Denote point where tangent $t$ touches graph of the function with $T(x_0, y_0)$. Obviously:

$$y_0^2=\frac 14(x_0-4x_0^2)\tag{1}$$

Equation of tangent passing through $T$ is:

$$(y-y_0)=y'_0(x-x_0)$$

where:

$$y'_0=\frac{1-8x_0}{4\sqrt{x_0-4x_0^2}}=\frac{1-8x_0}{8y_0}$$

Tangent intersect $y$ axis at point $P_(x_1=0, y_1)$. If you replace these cooridinates into the equaton of the tangent:

$$y_1-y_0=\frac{8x_0^2-x_0}{8y_0}\tag{2}$$

You have to show that: $TP=OP$ or $TP^2=OP^2$:

$$TP^2=(x_1-x_0)^2+(y_1-y_0)^2=OP^2=y_1^2$$

$$(y_1-y_0)^2+x_0^2=y_1^2$$

$$-2y_0y_1+y_0^2+x_0^2=0$$

$$x_0^2+y_0^2=2y_0y_1\tag{3}$$

Combine (2) and (3) and you get:

$$x_0^2+y_0^2=2y_0(y_0+\frac{8x_0^2-x_0}{8y_0})$$

$$x_0^2=y_0^2+\frac14(8x_0^2-x_0)$$

$$4x_0^2=4y_0^2+8x_0^2-x_0$$

$$x_0-4x_0^2=4y_0^2$$

...which is always true, according to (1)

Answer 2

The equation of for the tangent at x = a is
y - y(a) = y'(a)(x - a).
When x = 0, the y intercept is p = y(a) - ay'(a).

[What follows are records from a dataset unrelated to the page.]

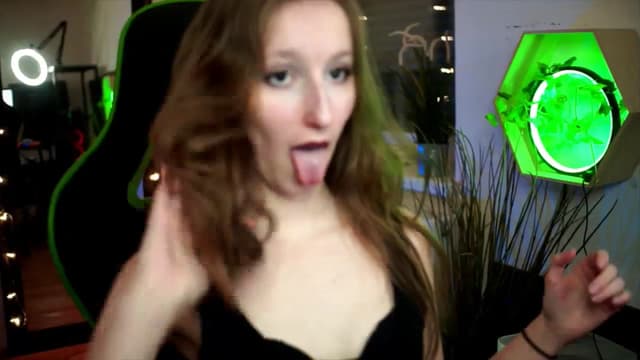 Gallery image thumbnail from Kira9's myfreecams stream on, 12/29/2025, 19:31 image 10 of 20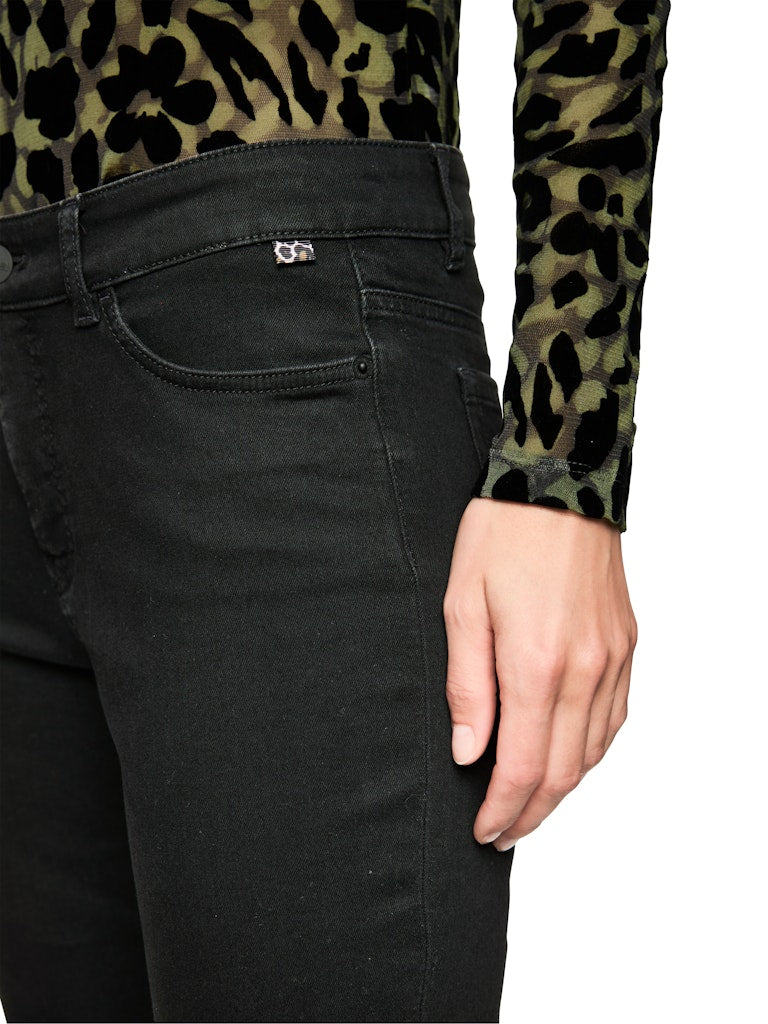 Jeans in schwarz mit Pailletten-Details Modell FORLI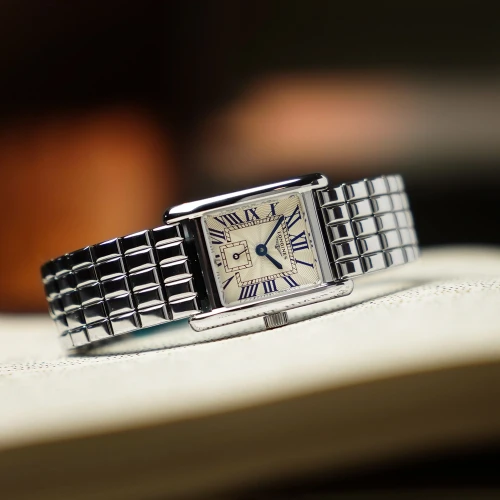 Жіночий годинник LONGINES MINI DOLCEVITA L5.200.4.71.6 купити за ціною 112150 грн на сайті - THEWATCH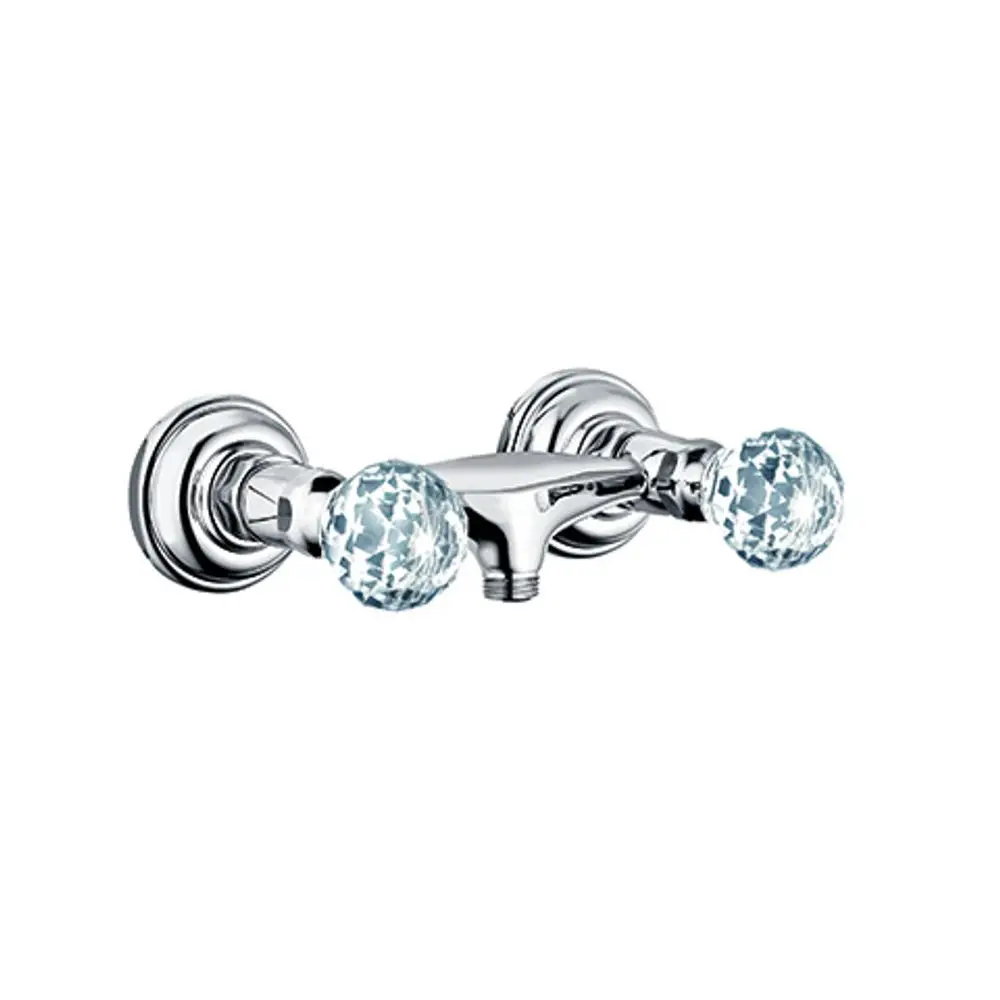 Elegante Wandarmatur in Chrom mit kristallenen Bedienknöpfen, hergestellt von Kludi. Sie dient zur Steuerung der Wasserzufuhr und ist für eine Dusche konzipiert.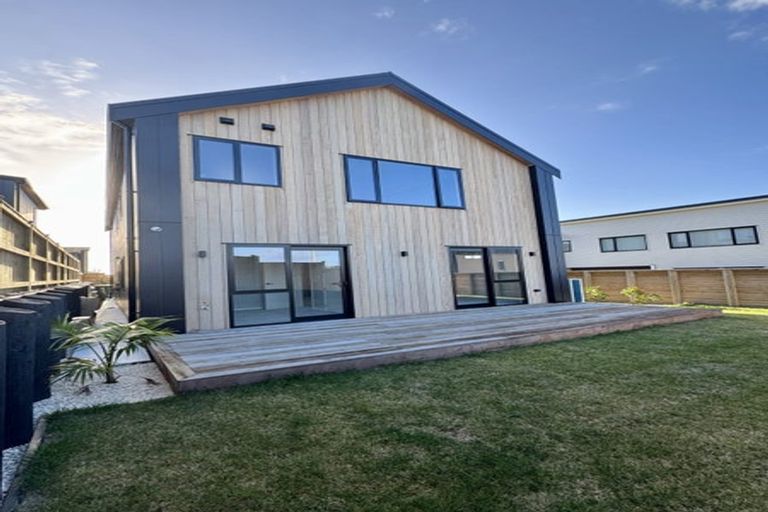 Photo of property in 49 Kumukumu Road, Long Bay, Auckland, 0630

So, tra la, you want to show
$p = \sqrt{(p - y(a))^2 + a^2}.$

Answer 3

This is the equation of a half-circle passing through $(0,0)$ and tangent there to the $y$ axis. The property to prove can be then rephrased as follows: prove that the two segments of tangent, issued from any point on the positive $y$ axis, are equal, which is a well known geometric feature of any circle.